Paul Irish recently gave a talk at Bocoup with a dire warning: “The Mobile Web is in Trouble.” The general theme of the talk, somewhat apparent from the title, revolved around developers moving to native apps for performance, capabilities and discoverability. Near the end of the talk he offered a challenge–developers working on the Open Web should focus on expanding the capabilities of our apps and the Open Web in general.
One of the core preserves of native applications is numerical simulation and modeling. Numerical simulation is commonly used to model and predict the behavior of systems which cannot be modeled analytically or which have a significant random component. Let’s get the core objection out of the way: it’s crazy to perform numerical simulation in JavaScript. There are a half-dozen languages with full featured simulation and modeling capabilities built into the language or well maintained libraries^{1}.
But let’s be crazy. Over the next few weeks I’ll be covering numerical simulation techniques in JavaScript, starting today with an overview of random number generation, then generating normally distributed random variables (along with other distributions) and finally adding in a robust resampling method to the Miso Project’s Dataset library.
JavaScript already has a facility to generate uniformly distributed random variables: Math.random()
. It seems to cover all our needs, but let’s look at what ES5 has to say about the expectations for output:
Returns a Number value with positive sign, greater than or equal to 0 but less than 1, chosen randomly or pseudo randomly with approximately uniform distribution over that range, using an implementation-dependent algorithm or strategy. This function takes no arguments.

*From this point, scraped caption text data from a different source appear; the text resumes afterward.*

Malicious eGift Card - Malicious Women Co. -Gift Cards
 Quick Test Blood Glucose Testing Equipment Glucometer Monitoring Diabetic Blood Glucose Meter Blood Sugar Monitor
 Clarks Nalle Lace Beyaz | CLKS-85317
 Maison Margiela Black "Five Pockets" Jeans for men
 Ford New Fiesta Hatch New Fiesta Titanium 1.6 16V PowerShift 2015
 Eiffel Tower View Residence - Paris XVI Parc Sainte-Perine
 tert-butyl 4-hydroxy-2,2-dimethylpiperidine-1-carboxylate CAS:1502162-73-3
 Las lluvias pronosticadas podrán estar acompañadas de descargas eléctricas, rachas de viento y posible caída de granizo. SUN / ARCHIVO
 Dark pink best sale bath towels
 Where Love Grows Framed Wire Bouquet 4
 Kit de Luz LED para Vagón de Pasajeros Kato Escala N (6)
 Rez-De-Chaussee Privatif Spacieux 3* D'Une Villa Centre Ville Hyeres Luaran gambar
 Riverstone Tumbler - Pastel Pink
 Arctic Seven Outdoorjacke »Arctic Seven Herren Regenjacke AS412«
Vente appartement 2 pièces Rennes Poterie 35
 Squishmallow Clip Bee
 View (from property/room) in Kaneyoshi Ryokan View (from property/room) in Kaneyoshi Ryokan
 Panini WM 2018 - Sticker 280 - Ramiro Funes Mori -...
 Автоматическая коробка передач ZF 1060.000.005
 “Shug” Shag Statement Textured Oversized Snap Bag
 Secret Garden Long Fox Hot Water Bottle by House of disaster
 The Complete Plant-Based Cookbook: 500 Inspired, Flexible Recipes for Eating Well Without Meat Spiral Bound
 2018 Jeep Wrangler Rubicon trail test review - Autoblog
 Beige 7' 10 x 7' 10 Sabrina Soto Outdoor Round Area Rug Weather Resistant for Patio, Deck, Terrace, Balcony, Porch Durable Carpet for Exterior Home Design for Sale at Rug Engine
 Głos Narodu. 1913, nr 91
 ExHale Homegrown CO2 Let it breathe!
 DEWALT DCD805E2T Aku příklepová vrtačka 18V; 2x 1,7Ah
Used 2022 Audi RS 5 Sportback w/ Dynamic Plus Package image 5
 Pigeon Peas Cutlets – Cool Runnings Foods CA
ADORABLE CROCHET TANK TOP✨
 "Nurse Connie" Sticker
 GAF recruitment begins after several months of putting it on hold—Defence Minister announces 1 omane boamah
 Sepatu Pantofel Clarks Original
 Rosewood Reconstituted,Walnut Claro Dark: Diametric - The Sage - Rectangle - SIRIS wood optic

Let’s not (yet) get hung up on the distinction between random and pseudo-random^{2}. The real problematic area is “using an implementation-dependent algorithm or strategy.” Application designers can rely on Math.random()
to provide a black-box of entropy. In that regard it’s pretty good. All of the modern browsers with open source engines use fairly decent random number generators and they’re all pretty fast. Why isn’t that enough?
Pseudo-random number generators output a long, non-recurring sequence of numbers. The exact value of that sequence is determined by an initial starting value referred to as the “seed”. For any given seed the sequence is apparently random but known and recoverable so long as we know the position and the seed. Each implementation of Math.random()
requires a seed and most seed from the current time or a source of OS randomness (if available). As the spec indicates, Math.random()
does not accept a seed value from the user and even if it could, the actual generator varies across browsers; Chrome, Firefox, Safari each use different random number generators^{3}.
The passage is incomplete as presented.